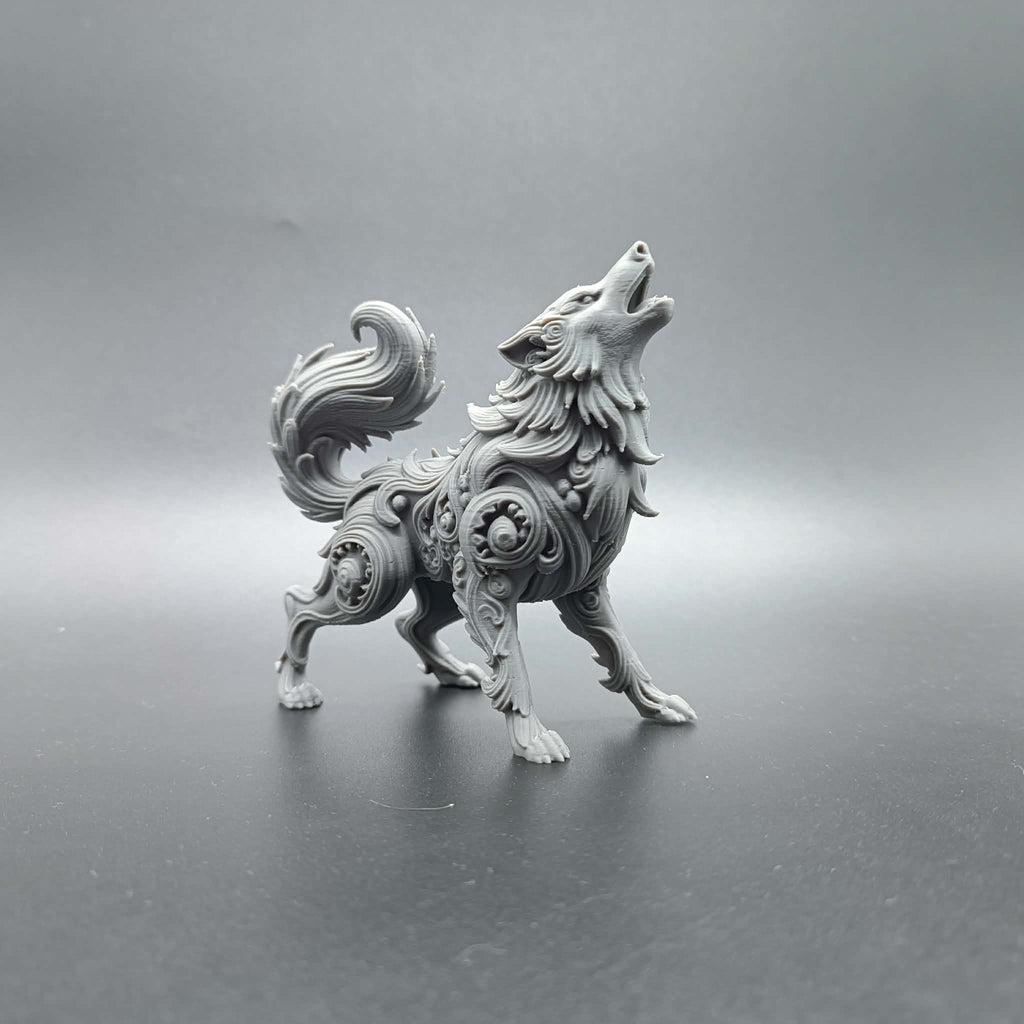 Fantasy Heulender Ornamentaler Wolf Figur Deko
* * *
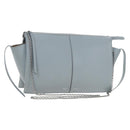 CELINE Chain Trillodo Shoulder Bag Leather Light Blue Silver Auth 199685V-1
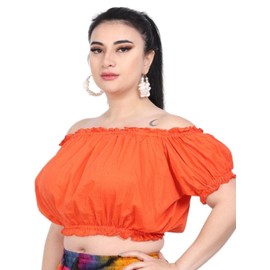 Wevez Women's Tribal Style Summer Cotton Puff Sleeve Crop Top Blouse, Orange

TASK TO CARRY OUT | Of the lines above, copy only those from the one holding "CELINE Chain Trillodo" to the one holding "Wevez Women's Tribal", both included, and exclude every image.

THE COMPLETED TASK |
 CELINE Chain Trillodo Shoulder Bag Leather Light Blue Silver Auth 199685V-1
 Wevez Women's Tribal Style Summer Cotton Puff Sleeve Crop Top Blouse, Orange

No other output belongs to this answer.